According to The Godrej Food Trends Report 2025, vibrant food communities like supper clubs and cookbook clubs are set to flourish as people crave meaningful, offline connections over shared meals. In a post-pandemic world where digital fatigue is real and isolation is quietly gnawing at us; these gatherings are becoming the modern-day antidote.

Take Toontooni’s Table, for instance, a supper club in Gurugram run by a Bengali food enthusiast. Guests walk in as strangers and leave after wiping their plates clean of mustard fish curry and mishti doi.

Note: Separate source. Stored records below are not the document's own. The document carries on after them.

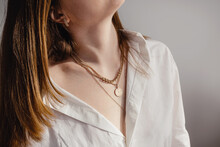 Close-up Young Woman In White Shirt Wearing Golden Necklaces. Imalist Lifestyle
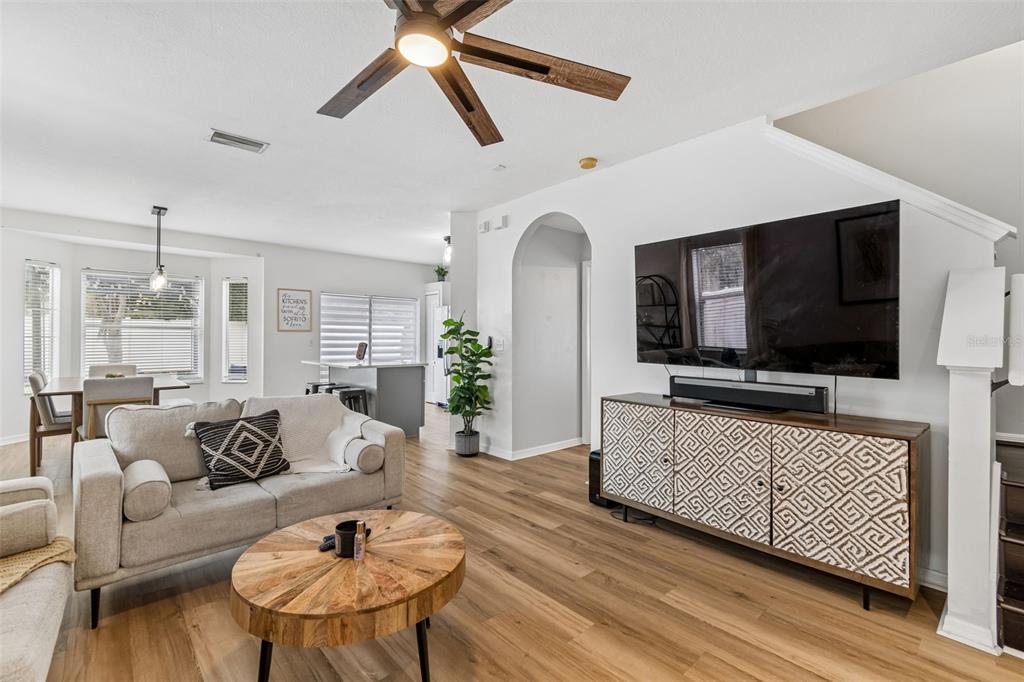 A living room features light wood flooring, a patterned media console, and a ceiling fan — 12610 ADVENTURE DRIVE, RIVERVIEW, FL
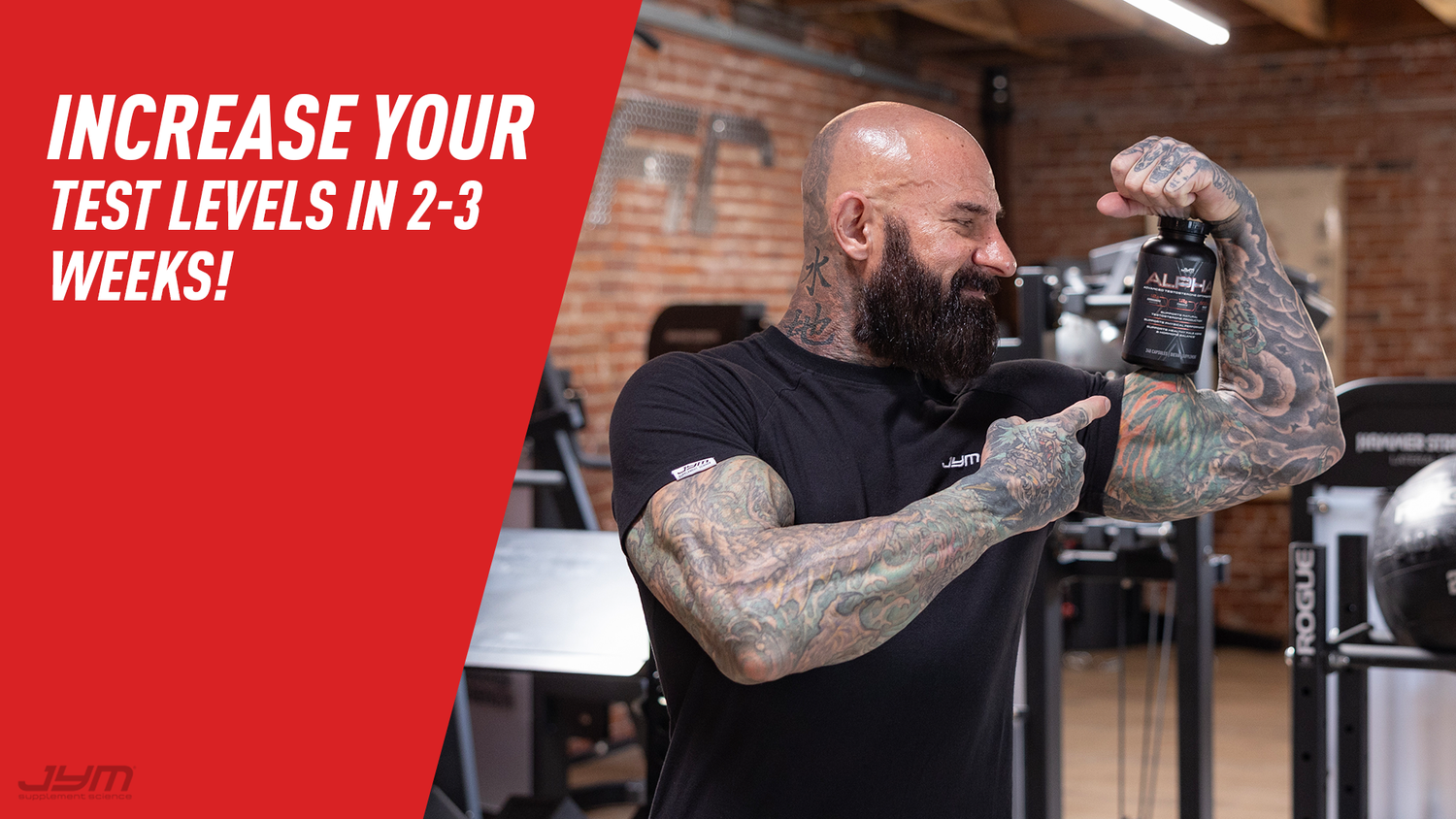 Bald tattooed man in black JYM tee points at Alpha JYM bottle held above his flexed arm in gym; banner: Increase Your Test Levels.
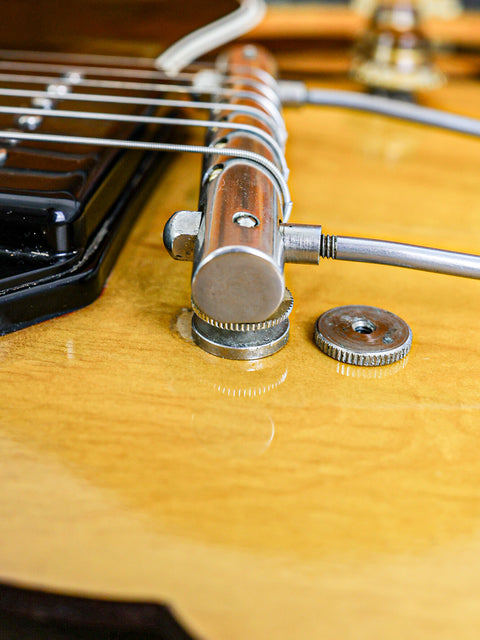 Close-up shot of a 1959 Gibson ES-225TD guitar, highlighting the elegant metal cap and vintage craftsmanship.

Or head west to Mumbai, where Gitika Saikia opens the doors of her Juhu apartment to showcase traditional Assamese fare through her now-famous Gitika’s PakGhor.

What makes these supper clubs so magnetic isn’t just the food—it’s the feeling. It’s the shared laughter over an unfamiliar pickle, the discovery of a regional dish you’ve never tried, the comfort of being fed by someone who cooks with love, not just precision. There’s something healing about it. Something grounding.

And it’s not just nostalgia that’s being served. Many hosts use these gatherings to experiment whether it’s fusing local ingredients with forgotten recipes, or curating theme-based dinners that spotlight lesser-known regional cuisines. The result? An ever-evolving menu that feeds curiosity as much as it does hunger.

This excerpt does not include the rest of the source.